As pessoas cometem com frequência o erro comum em confundir o setor produtivo com o mercado financeiro, pois muitas vezes eles se misturam. O primeiro se caracteriza pelas atividades econômicas desenvolvidas no país e geralmente é dividido em três grupos: setor primário, setor secundário e setor terciário. O segundo, por sua vez, refere-se apenas ao mercado abstrato que comercializa a propriedade de empresas do setor produtivo. Nesse nicho, as pessoas compram e vendem ações que representam uma fração da propriedade dessas empresas.
O mercado financeiro não tem lado e não possui afiliação política. Na verdade, ele não é sequer uma entidade, mas sim apenas um sistema por meio do qual ativos financeiros são negociados. Prova disso é que os operadores do mercado financeiro podem ganhar na baixa ou na alta, independentemente da temperatura política.
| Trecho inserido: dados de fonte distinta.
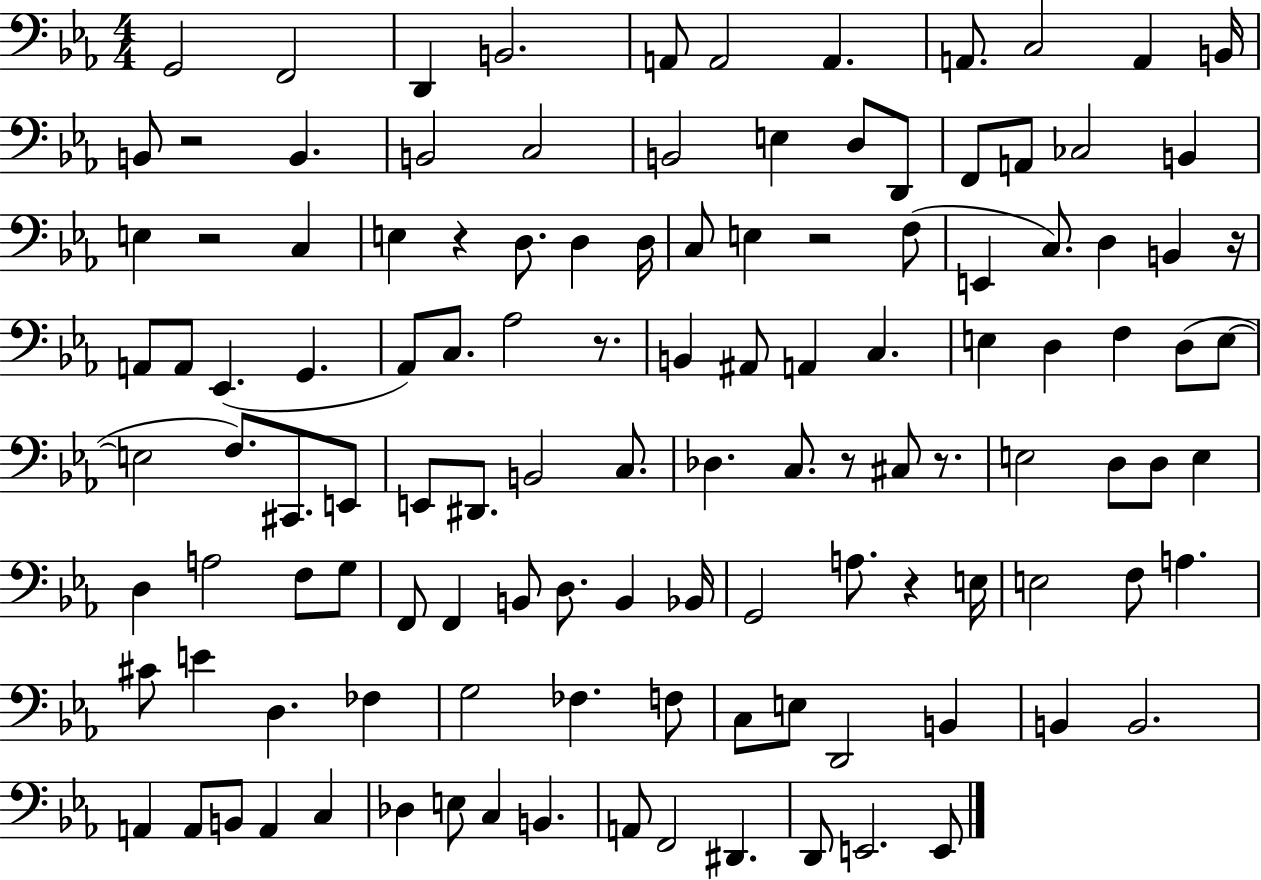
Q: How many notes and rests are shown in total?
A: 120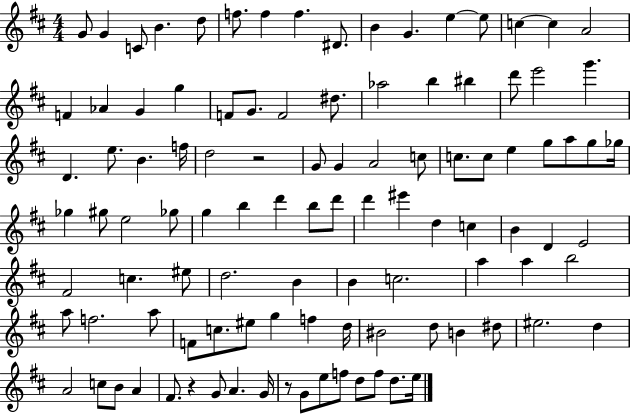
G4/e G4/q C4/e B4/q. D5/e F5/e. F5/q F5/q. D#4/e. B4/q G4/q. E5/q E5/e C5/q C5/q A4/h F4/q Ab4/q G4/q G5/q F4/e G4/e. F4/h D#5/e. Ab5/h B5/q BIS5/q D6/e E6/h G6/q. D4/q. E5/e. B4/q. F5/s D5/h R/h G4/e G4/q A4/h C5/e C5/e. C5/e E5/q G5/e A5/e G5/e Gb5/s Gb5/q G#5/e E5/h Gb5/e G5/q B5/q D6/q B5/e D6/e D6/q EIS6/q D5/q C5/q B4/q D4/q E4/h F#4/h C5/q. EIS5/e D5/h. B4/q B4/q C5/h. A5/q A5/q B5/h A5/e F5/h. A5/e F4/e C5/e. EIS5/e G5/q F5/q D5/s BIS4/h D5/e B4/q D#5/e EIS5/h. D5/q A4/h C5/e B4/e A4/q F#4/e. R/q G4/e A4/q. G4/s R/e G4/e E5/e F5/e D5/e F5/e D5/e. E5/s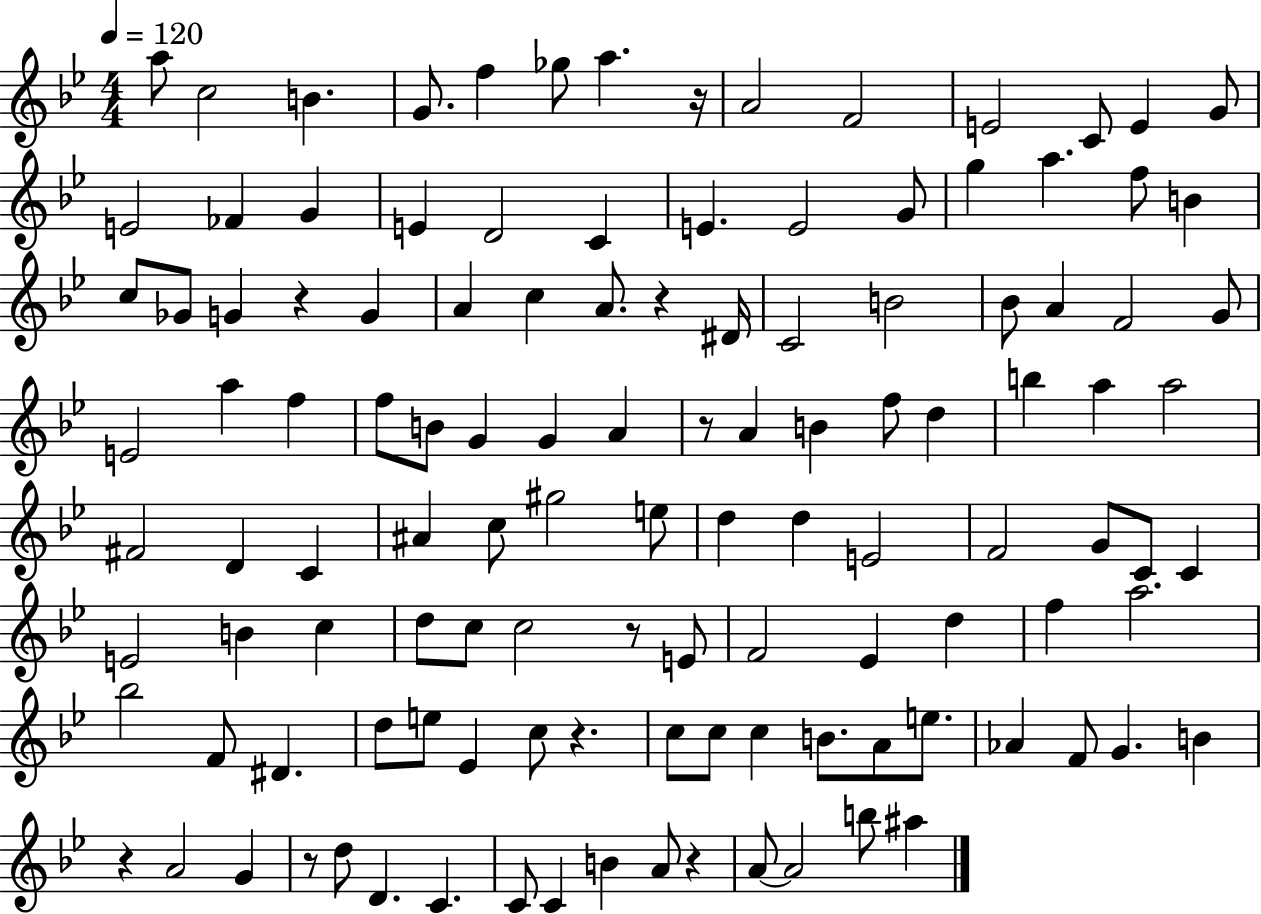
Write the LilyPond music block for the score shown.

{
  \clef treble
  \numericTimeSignature
  \time 4/4
  \key bes \major
  \tempo 4 = 120
  a''8 c''2 b'4. | g'8. f''4 ges''8 a''4. r16 | a'2 f'2 | e'2 c'8 e'4 g'8 | \break e'2 fes'4 g'4 | e'4 d'2 c'4 | e'4. e'2 g'8 | g''4 a''4. f''8 b'4 | \break c''8 ges'8 g'4 r4 g'4 | a'4 c''4 a'8. r4 dis'16 | c'2 b'2 | bes'8 a'4 f'2 g'8 | \break e'2 a''4 f''4 | f''8 b'8 g'4 g'4 a'4 | r8 a'4 b'4 f''8 d''4 | b''4 a''4 a''2 | \break fis'2 d'4 c'4 | ais'4 c''8 gis''2 e''8 | d''4 d''4 e'2 | f'2 g'8 c'8 c'4 | \break e'2 b'4 c''4 | d''8 c''8 c''2 r8 e'8 | f'2 ees'4 d''4 | f''4 a''2. | \break bes''2 f'8 dis'4. | d''8 e''8 ees'4 c''8 r4. | c''8 c''8 c''4 b'8. a'8 e''8. | aes'4 f'8 g'4. b'4 | \break r4 a'2 g'4 | r8 d''8 d'4. c'4. | c'8 c'4 b'4 a'8 r4 | a'8~~ a'2 b''8 ais''4 | \break \bar "|."
}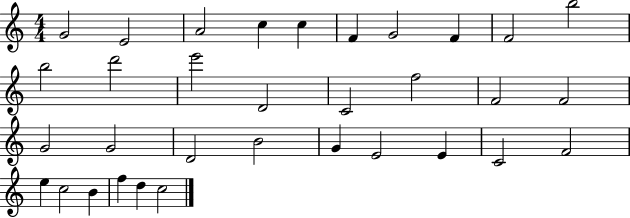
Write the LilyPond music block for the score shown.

{
  \clef treble
  \numericTimeSignature
  \time 4/4
  \key c \major
  g'2 e'2 | a'2 c''4 c''4 | f'4 g'2 f'4 | f'2 b''2 | \break b''2 d'''2 | e'''2 d'2 | c'2 f''2 | f'2 f'2 | \break g'2 g'2 | d'2 b'2 | g'4 e'2 e'4 | c'2 f'2 | \break e''4 c''2 b'4 | f''4 d''4 c''2 | \bar "|."
}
A preocupação de quem opera o mercado financeiro é sempre obter bons resultados, independentemente da situação – aliás, tempos de crise podem ser fortes sinalizadores de compra de ações de empresas com bom fundamento.
Por outro lado, o setor produtivo é afetado mais diretamente pelo clima político do país, pois esse grupo corresponde ao empresariado que está sujeito às políticas fiscais, monetárias, tributárias e trabalhistas do governo da vez. Por isso, na pauta do dia do setor produtivo estão sempre a estabilidade, a segurança jurídica e a mínima intervenção do governo na economia.
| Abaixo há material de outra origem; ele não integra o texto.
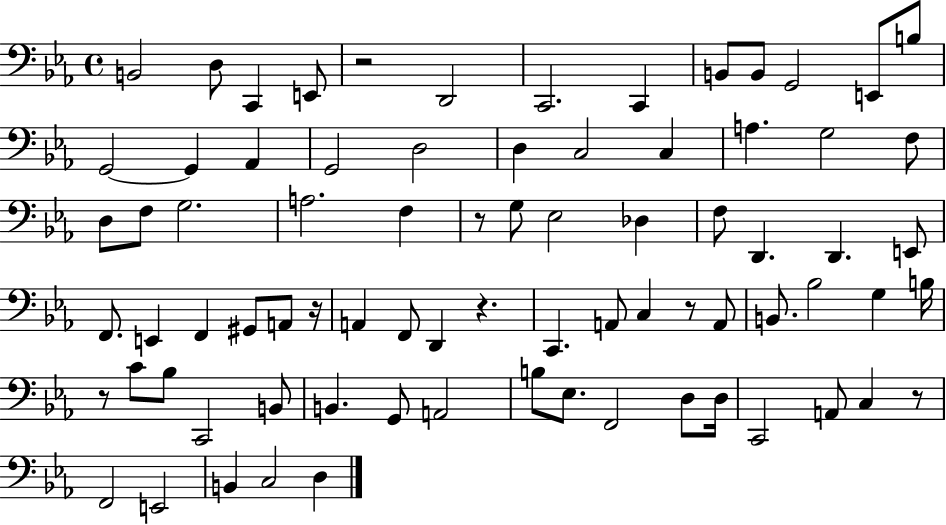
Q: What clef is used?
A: bass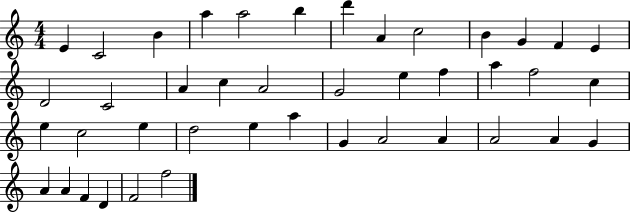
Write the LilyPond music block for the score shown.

{
  \clef treble
  \numericTimeSignature
  \time 4/4
  \key c \major
  e'4 c'2 b'4 | a''4 a''2 b''4 | d'''4 a'4 c''2 | b'4 g'4 f'4 e'4 | \break d'2 c'2 | a'4 c''4 a'2 | g'2 e''4 f''4 | a''4 f''2 c''4 | \break e''4 c''2 e''4 | d''2 e''4 a''4 | g'4 a'2 a'4 | a'2 a'4 g'4 | \break a'4 a'4 f'4 d'4 | f'2 f''2 | \bar "|."
}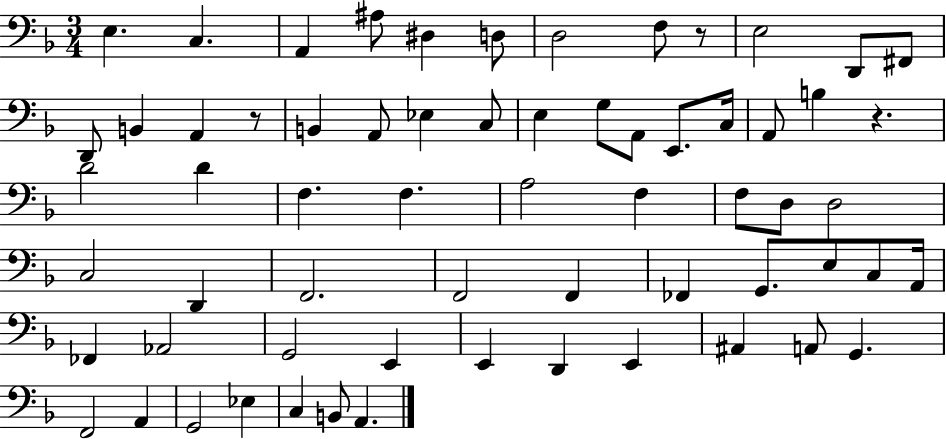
{
  \clef bass
  \numericTimeSignature
  \time 3/4
  \key f \major
  e4. c4. | a,4 ais8 dis4 d8 | d2 f8 r8 | e2 d,8 fis,8 | \break d,8 b,4 a,4 r8 | b,4 a,8 ees4 c8 | e4 g8 a,8 e,8. c16 | a,8 b4 r4. | \break d'2 d'4 | f4. f4. | a2 f4 | f8 d8 d2 | \break c2 d,4 | f,2. | f,2 f,4 | fes,4 g,8. e8 c8 a,16 | \break fes,4 aes,2 | g,2 e,4 | e,4 d,4 e,4 | ais,4 a,8 g,4. | \break f,2 a,4 | g,2 ees4 | c4 b,8 a,4. | \bar "|."
}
Diferentemente do mercado financeiro, onde os players não têm rosto, no setor produtivo os empresários possuem não apenas rosto, mas também preferências temporais, convicções, opiniões e posicionamentos políticos – geralmente mais aliados com sua visão de mundo e natureza do setor.
O manifesto mencionado no início tem relação com as variáveis de estabilidade institucional, mas é importante notar o componente de preferência política. No mesmo sentido, o manifesto de empresários de Minas Gerais, divulgado pela Federação das Indústrias do Estado de Minas Gerais (Fiemg), no qual foram tecidas críticas ao Poder Judiciário, também esboça a preferência política de um outro segmento do empresariado.
A manifestação de setores diferentes do empresariado a respeito do governo não indica um embarque e nem um desembarque do governo, mas apenas que agentes do setor produtivo têm opiniões diferentes a respeitos de fatos políticos idênticos.
Allan Augusto Gallo Antonio, formado em Direito e mestre em Economia e Mercados, é analista do Centro Mackenzie de Liberdade Econômica.